Sur une pièce peinte à la main, qu’elle soit du XVIIIe ou d’un atelier contemporain sérieux, le trait varie. Le pinceau laisse des épaississements aux points d’attaque et des amincissements en fin de courbe. Passez le doigt sur le décor : sur une pièce peinte, vous sentirez parfois un très léger relief là où le pigment s’est déposé plus généreusement.
Pour distinguer ensuite une pièce ancienne peinte à la main d’une reproduction contemporaine peinte à la main, il faut croiser plusieurs critères :
- La palette de couleurs : au XVIIIe siècle, les manufactures Clérissy et Fouque travaillaient d’abord en camaïeu bleu (grand feu), tandis que la polychromie (Olérys-Laugier, à partir de 1738) utilise des oxydes spécifiques aux teintes légèrement sourdes, différentes des pigments modernes plus vifs
- Le style du trait : les décors anciens montrent une liberté de geste liée à la production en série artisanale, avec de petites irrégularités assumées, alors que les reproductions récentes cherchent souvent une fidélité trop appliquée au modèle
- Les formes de l’assiette elle-même : chaque manufacture conservait ses propres moules, et les profils (aile, bassin, marli) des pièces du XVIIIe ne correspondent pas exactement à ceux des ateliers contemporains

Marques, signatures et attributions sur les faïences de Moustiers
Contrairement à ce que l’on pourrait espérer, la majorité des faïences anciennes de Moustiers ne portent aucune marque.
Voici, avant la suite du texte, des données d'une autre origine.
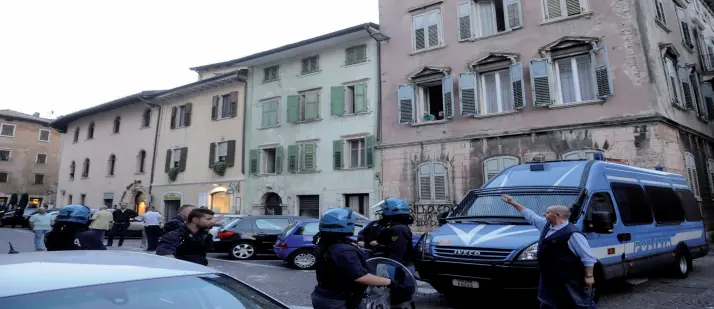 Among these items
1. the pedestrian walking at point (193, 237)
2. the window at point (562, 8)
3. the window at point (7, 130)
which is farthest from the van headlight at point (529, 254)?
the window at point (7, 130)

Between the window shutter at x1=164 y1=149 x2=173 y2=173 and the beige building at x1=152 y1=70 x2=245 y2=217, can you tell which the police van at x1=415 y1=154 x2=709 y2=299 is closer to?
the beige building at x1=152 y1=70 x2=245 y2=217

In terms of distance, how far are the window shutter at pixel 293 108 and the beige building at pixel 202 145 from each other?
356 centimetres

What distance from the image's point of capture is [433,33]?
1900 centimetres

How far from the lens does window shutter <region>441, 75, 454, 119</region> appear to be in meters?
17.8

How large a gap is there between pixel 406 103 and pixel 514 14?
17.9 feet

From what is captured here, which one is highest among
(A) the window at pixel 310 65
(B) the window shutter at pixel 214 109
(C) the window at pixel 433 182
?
(A) the window at pixel 310 65

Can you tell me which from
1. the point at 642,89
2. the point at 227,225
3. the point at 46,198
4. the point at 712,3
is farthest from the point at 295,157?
the point at 46,198

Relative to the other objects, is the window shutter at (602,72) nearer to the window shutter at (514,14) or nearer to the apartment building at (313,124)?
the window shutter at (514,14)

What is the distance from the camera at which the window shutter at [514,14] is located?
1689 cm

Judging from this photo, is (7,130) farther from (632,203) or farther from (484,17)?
(632,203)

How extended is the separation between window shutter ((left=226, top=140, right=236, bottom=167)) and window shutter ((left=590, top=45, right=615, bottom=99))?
18222 millimetres

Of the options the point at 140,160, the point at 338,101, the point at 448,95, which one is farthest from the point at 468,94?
the point at 140,160

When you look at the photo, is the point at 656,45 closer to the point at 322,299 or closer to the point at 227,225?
the point at 227,225

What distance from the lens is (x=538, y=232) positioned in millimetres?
5848
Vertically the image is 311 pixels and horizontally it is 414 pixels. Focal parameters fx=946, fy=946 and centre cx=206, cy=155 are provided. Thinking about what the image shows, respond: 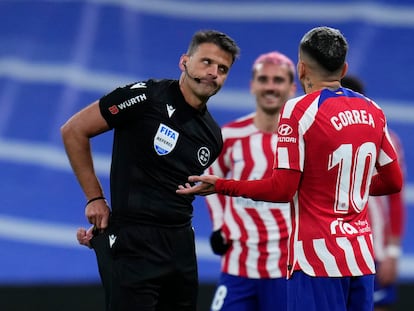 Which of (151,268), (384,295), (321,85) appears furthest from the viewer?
(384,295)

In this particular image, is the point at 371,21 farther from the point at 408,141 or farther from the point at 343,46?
the point at 343,46

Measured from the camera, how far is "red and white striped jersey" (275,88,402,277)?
11.4 ft

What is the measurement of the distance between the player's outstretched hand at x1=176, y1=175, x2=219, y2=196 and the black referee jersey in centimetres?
22

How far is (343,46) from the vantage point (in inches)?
141

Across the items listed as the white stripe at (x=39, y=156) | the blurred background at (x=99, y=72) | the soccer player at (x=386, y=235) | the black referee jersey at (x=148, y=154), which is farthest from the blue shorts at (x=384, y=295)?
the white stripe at (x=39, y=156)

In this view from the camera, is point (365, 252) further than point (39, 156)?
No

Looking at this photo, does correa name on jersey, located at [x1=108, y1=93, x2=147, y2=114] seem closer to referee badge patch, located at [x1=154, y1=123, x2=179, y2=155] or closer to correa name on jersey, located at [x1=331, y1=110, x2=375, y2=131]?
referee badge patch, located at [x1=154, y1=123, x2=179, y2=155]

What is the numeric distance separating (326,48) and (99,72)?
5361mm

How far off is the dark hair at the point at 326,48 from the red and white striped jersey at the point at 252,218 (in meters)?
1.47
L’attribution à un atelier précis repose sur l’analyse combinée du décor, de l’émail, de la forme et parfois de l’analyse de la terre. Une signature au revers ne garantit rien : les ateliers du XXe siècle signent fréquemment leurs pièces, parfois avec des mentions qui entretiennent la confusion (« Moustiers », « d’après Olérys », « tradition Moustiers »).
Les manufactures les plus recherchées par les collectionneurs restent celles de Clérissy, Olérys-Laugier et Fouque pour le XVIIIe siècle. Les frères Ferrat, qui ont introduit les couleurs de petit feu vers le milieu du XVIIIe siècle, représentent aussi un segment prisé. Mais justement, ces noms prestigieux sont ceux que les reproductions invoquent le plus volontiers.
Ce que la présence d’une marque indique vraiment
Si votre assiette porte une marque clairement lisible et bien centrée au revers, c’est paradoxalement plutôt un indice de production récente. Les rares marques anciennes sont discrètes, parfois partielles, tracées rapidement. Une estampille nette et régulière évoque davantage un atelier du XXe siècle soucieux d’identifier sa production.
Valeur en salle des ventes : assiette Moustiers ancienne contre reproduction
L’écart de prix entre une pièce authentique du XVIIIe siècle et une reproduction du XXe siècle est considérable. Une assiette ancienne attribuée à un atelier identifié, en bon état de conservation, atteint des montants sans commune mesure avec un service moderne, fût-il peint à la main par un atelier réputé.
L’état de conservation pèse autant que l’ancienneté dans l’estimation. Un éclat sur l’aile, une fêlure, un cheveu dans l’émail font chuter la valeur d’une pièce ancienne. À l’inverse, un état parfait sur une pièce prétendument du XVIIIe siècle doit éveiller la méfiance : trois siècles d’usage laissent des traces.
Pour une estimation fiable, le recours à un expert en céramique ancienne reste la méthode la plus sûre. Les maisons de ventes spécialisées proposent des estimations gratuites qui permettent au moins de situer la période de production. Mieux vaut investir ce temps que de payer le prix du XVIIIe pour une pièce des années 1960.